Quant à son flagship store bruxellois, ouvert début 2002 sur les vestiges du Hard Rock Café, place Stéphanie, il ne fonctionne ni mieux ni moins bien que les boutiques d’Uccle ou d’Anvers, par exemple.  » Tant les flagships que les multimarques participent à la continuité et la progression du label. A Knokke, par exemple, nous avons un détaillant à 500 mètres du magasin Bellerose et pourtant, il réalise des volumes de vente plus que confortables.  »

En 1982, Patrick Van Heurck effectue ses premiers pas dans la mode comme agent commercial pour diverses lignes de vêtements. Chargé, durant plusieurs années, du suivi des magasins exclusifs Ralph Lauren en Belgique, il lance aussi, en collaboration avec sa cousine Marie Chantal Regout, le concept Rue Blanche, une autre marque belge qui pète des flammes. Fin 1989, il fonde Bellerose û inspiré par un lieu-dit près de Kennedy Airport à New York û, et propose des pièces masculines de base.  » Des choses que j’avais envie de porter moi-même, voilà.  »

Neuf ans plus tard, la marque se conjugue au féminin, à la demande enthousiaste de maintes clientes qui piochent dans le vestiaire de leur chéri. Aujourd’hui, les lignes femmes représentent près de 60 % du chiffre d’affaires total tandis que Bellerose s’internationalise lentement (deux magasins éponymes ont fleuri aux Pays-Bas, des points de vente existent hors Paris) en visant d’abord le Benelux.  » Chi va piano va sano « , précise Patrick Van Heurck.

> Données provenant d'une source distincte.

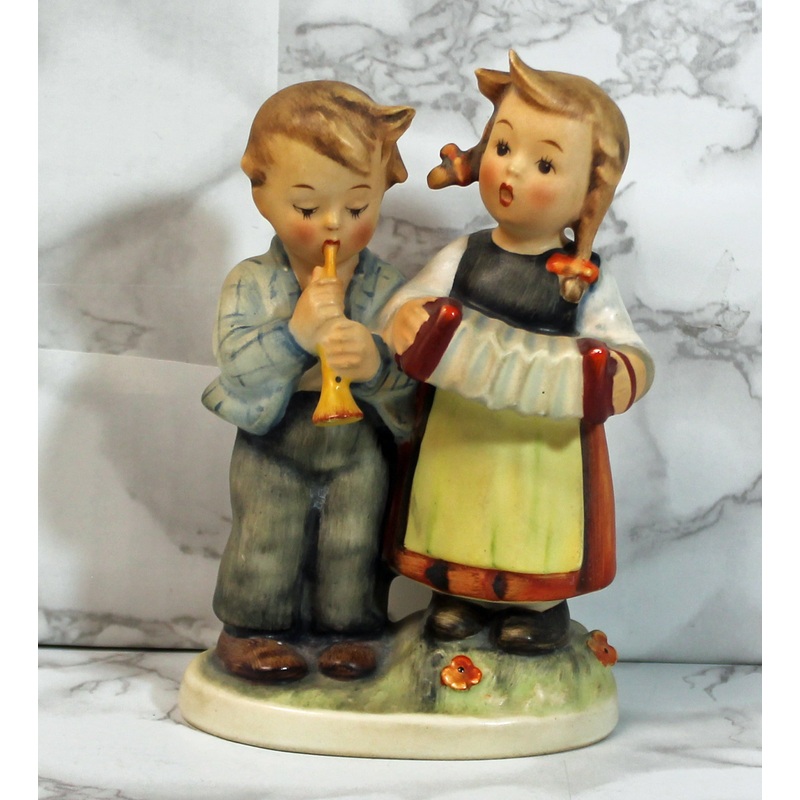 Hummel Goebel #218 "Birthday Serenade" TMK 2
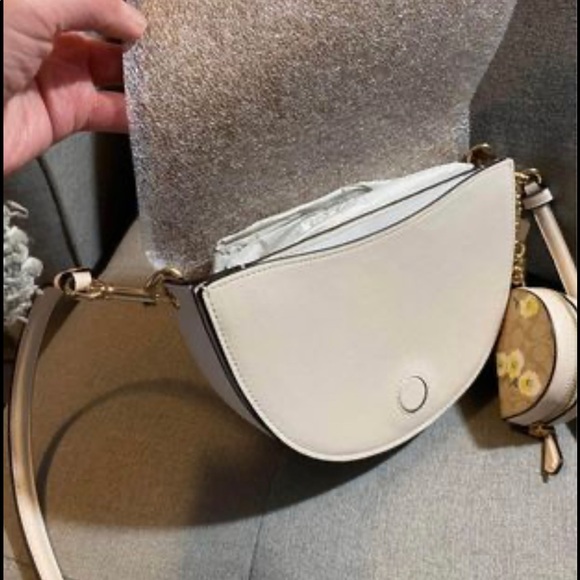 ❤️SOLD❤️Coach Ellen and Crescent Pouch Bundle - Picture 3 of 4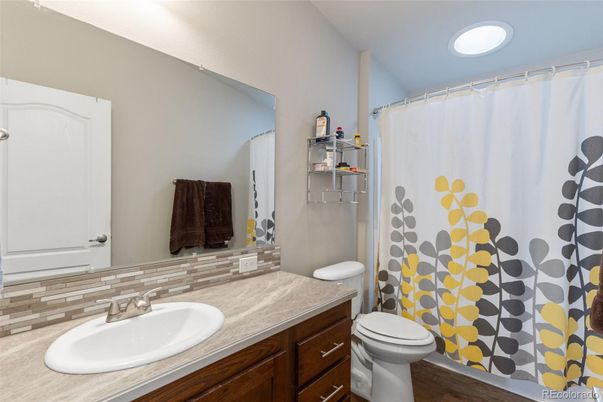Bathroom, Interior, Recessed Lighting, Wood Texture Flooring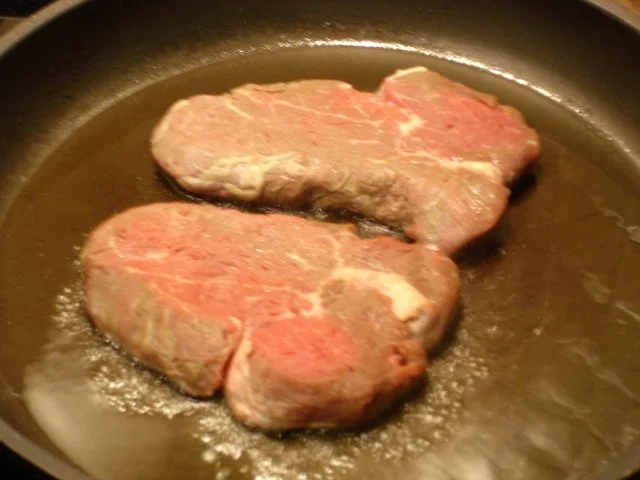 Rinderfilet mit braunen Champignons und Zwiebelringen - Rezept - Bild Nr. 4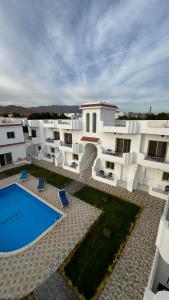 Bazén v ubytování Desert Hotel Dahab nebo v jeho okolí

Mélange de business familial (depuis 2000, Philippe partage avec Marie-Chantal Regout alias  » Madame Rue Blanche « , un superbe espace à Grand-Bigard, où se retrouvent les bureaux et les showrooms des deux marques) et d’actionnariat bien jaugé, Bellerose a dégagé un CA de 15 millions d’euros pour l’année 2002. Et prévoit de monter à 25 millions d’euros d’ici deux ans.  » Certes, j’ai su bien m’entourer mais, avant tout, j’ai cru en ce que j’allais entreprendre et j’aime profondément mon boulot.  » A son fils aîné de 17 ans, Patrick Van Heurck dit souvent :  » Choisis le métier qui te botte. Tu veux être peintre en bâtiment ? Eh bien, si tu y crois, tu y arriveras.  » Hasard ou coïncidence, le fiston en question révèle déjà une grande sensibilité envers le vêtement et la mode. Chouette.